Colin Heine, Les Loups de Cendres Mortes, Éditions ActuSF, collection Bad Wolf, 21 juin 2023

Publié le par Maude Elyther

illustration : Dogan Oztel

illustration : Dogan Oztel

4ème de couverture

« Tôt ou tard, tous les masques tombent. »

Luperque, l’orgueilleuse capitale impériale, n’est plus que l’ombre d’elle-même. Son empereur, réfugié dans un ballon flottant pour échapper aux tentatives d’assassinat, essaye d’en enrayer l’étiolement, qui semble inéluctable.

Lors d’une mission pour retrouver des esclaves en fuite dans la forêt de l’Arquesylve, le centurion Ludovico fait une découverte qui manque de lui coûter la vie : des années après une guerre meurtrière, les lycans sont de retour. Pour Luperque, pas de doute : sa rivale Vexine est responsable. Il revient à Ludovico d’infiltrer la fière cité marchande aux mœurs progressistes pour en percer les secrets. Mais la détermination d’un seul homme sera-t-elle suffisante face à la légendaire magie des masques ? 

Après La Forêt des araignées tristes, Colin Heine continue d’explorer son univers envahi par une brume mystérieuse, la vape, aux multiples dangers. Les Loups de cendres mortes nous emmène cette fois au cœur d’une passionnante lutte de pouvoir entre deux sociétés que tout oppose.

Colin Heine, Les Loups de Cendres Mortes, Éditions ActuSF, collection Bad Wolf, 21 juin 2023

Avant-propos

Avec Les Loups de Cendres Mortes, Colin Heine nous propose un nouveau récit dans l’univers de son premier roman, La forêt des araignées tristes, que j’avais beaucoup aimé. C’est avec grand plaisir que j’ai pu découvrir ce récit, et je remercie Jérôme Vincent et les Éditions ActuSF pour l’envoi de ce service presse !

Cet opus, un one-shot, est très différent de son prédécesseur : la narration, le bestiaire, les décors… L’auteur livre une nouvelle fois un roman à l’intrigue sociétale, par le biais de deux sociétés, domination et émancipation sont au cœur de la lutte de pouvoir.

Anecdote : La forêt des araignées tristes est le premier roman que j’ai reçu dans le cadre de mon partenariat avec les Éditons ActuSF 😊

Mots clefs

Dark fantasy – steampunk – sorcellerie – gladiateur – forêt – mystique – monstres – lycans – sociétés – intrigue sociétale – liberté – bestiaires monstrueux – gargouilles

Trigger warning

Esclavage, bagne, violence, arène/combats de gladiateurs, pillage de tombe, cadavres d’animaux, torture, mise à mort d’autochtones

Colin Heine, Les Loups de Cendres Mortes, Éditions ActuSF, collection Bad Wolf, 21 juin 2023

Mon retour

« Des formes féroces lui passent devant les yeux.
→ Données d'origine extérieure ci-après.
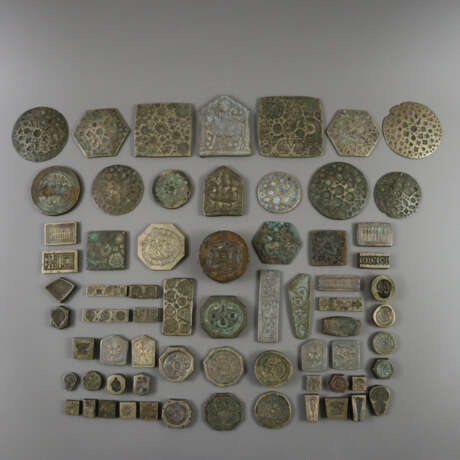 Umfangreiches Konvolut Schmuckpunzen und Modeln - … - фото 1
Des silhouettes sauvages, à moitié humaines, rampantes ou galopantes, filant à travers les arbres ou virevoltant entre leurs branches. Des griffes, des becs et des serres, des morsures et des venins… Des consciences ni animales ni pleinement humaines, unies dans le même désir de fondre sur Luperque et de détruire la ville. »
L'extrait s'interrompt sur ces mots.